From: Richard Wordingham (richard.wordingham@ntlworld.com)
Date: Tue May 13 2008 - 18:48:13 CDT
Philippe Verdy wrote on Tuesday, May 13, 2008 6:52 PM
> Russ Stygall wrote:
>> From UnicodeData.txt, 'prosgegrammeni' is equated to 'small letter iota',
>> see below.
> Note: Unicode does not "equate" characters, it defines canonical and
> compatibilty equivalence mappings and string canonicalization processes;
> canonical equivalence is based on those mappings, but it does not mean
> that
> the characters are "equal".
The relevant conformance condition, in TUS 5.0 at least, is C6: "A process
shall not assume that the interpretations of two canonical-equivalent
character sequences are distinct". Quite how a *process* assumes something
I have yet to work out.

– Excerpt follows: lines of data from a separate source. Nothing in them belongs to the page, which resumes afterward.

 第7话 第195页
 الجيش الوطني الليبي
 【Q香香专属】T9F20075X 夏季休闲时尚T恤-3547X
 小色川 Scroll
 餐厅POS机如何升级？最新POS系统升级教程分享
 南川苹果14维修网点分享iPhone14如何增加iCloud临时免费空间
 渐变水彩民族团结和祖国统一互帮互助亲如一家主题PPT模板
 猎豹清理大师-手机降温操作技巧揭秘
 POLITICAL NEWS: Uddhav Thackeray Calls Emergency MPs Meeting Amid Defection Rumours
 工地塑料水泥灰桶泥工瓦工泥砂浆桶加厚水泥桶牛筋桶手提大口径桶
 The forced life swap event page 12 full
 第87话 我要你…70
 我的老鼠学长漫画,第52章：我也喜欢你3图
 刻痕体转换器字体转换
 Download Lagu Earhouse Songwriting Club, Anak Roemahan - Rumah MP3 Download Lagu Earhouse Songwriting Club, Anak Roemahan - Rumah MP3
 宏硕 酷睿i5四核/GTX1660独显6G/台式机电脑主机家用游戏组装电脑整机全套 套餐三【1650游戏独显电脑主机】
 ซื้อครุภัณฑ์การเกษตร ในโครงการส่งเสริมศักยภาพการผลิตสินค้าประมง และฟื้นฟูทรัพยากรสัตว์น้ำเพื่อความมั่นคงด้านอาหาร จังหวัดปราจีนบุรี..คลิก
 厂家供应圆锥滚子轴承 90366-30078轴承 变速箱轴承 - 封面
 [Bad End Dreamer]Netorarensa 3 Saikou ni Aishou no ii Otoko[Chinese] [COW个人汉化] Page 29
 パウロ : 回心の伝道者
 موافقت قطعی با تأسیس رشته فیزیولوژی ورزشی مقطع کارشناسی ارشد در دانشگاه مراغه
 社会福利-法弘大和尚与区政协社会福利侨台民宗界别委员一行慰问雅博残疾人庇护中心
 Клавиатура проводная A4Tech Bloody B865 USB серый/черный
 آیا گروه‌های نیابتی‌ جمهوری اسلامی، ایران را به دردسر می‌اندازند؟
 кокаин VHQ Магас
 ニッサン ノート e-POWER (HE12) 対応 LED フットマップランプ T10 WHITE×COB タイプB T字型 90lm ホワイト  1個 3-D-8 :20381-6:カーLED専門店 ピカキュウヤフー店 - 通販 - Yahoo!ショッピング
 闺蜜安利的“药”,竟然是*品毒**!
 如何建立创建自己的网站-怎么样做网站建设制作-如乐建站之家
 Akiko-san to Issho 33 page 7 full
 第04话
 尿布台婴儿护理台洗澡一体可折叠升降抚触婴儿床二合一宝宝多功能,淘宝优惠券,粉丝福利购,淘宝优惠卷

Part of the commentary for this requirement states,
"Ideally, an implementation would always interpret two canonical-equivalent
character sequences identically. There are practical cicumstances under
which implementations may reasonably distinguish them."
These circumstances appear to include:
(1) Converting back from Unicode to another character encoding. This is the
rationale for most of the compatibility characters with singleton
decompositions.
(2) Conformant case conversion - casing does not preserve canonical
equivalence.
(3) Generating character charts. Compatibility ideographs may be rendered
differently to their canonical decompositions, e.g U+FA30 and U+2F805, which
are canonically equivalent to U+4FAE.
>> 1FBE;GREEK PROSGEGRAMMENI;Ll;0;L;03B9;;;;N;;;0399;;0399
>> 03B9;GREEK SMALL LETTER IOTA;Ll;0;L;;;;;N;;;0399;;0399
>> From the Greek Extended table, see below, the following three characters
> are equated
>> to ALPHA/ETA/OMEGA plus 0345, not plus 1FBE or even 03B9!
>>
>> 1FBC;GREEK CAPITAL LETTER ALPHA WITH PROSGEGRAMMENI;Lt;0;L;0391
> 0345;;;;N;;;;1FB3;
>> 1FCC;GREEK CAPITAL LETTER ETA WITH PROSGEGRAMMENI;Lt;0;L;0397
> 0345;;;;N;;;;1FC3;
>> 1FFC;GREEK CAPITAL LETTER OMEGA WITH PROSGEGRAMMENI;Lt;0;L;03A9
> 0345;;;;N;;;;1FF3;
>>
>> Why is 'iota subscript' (below) used as a substitute for 'iota adscript'
> in the above cases?
>> 0345;COMBINING GREEK YPOGEGRAMMENI;Mn;240;NSM;;;;;N;*;;0399;;0399
Iota adscript is an optional contextual variant of an iota subscript. It's
up to the font what style it adopts - and I'm treating
language/register-sensitive variations within a font as font differences.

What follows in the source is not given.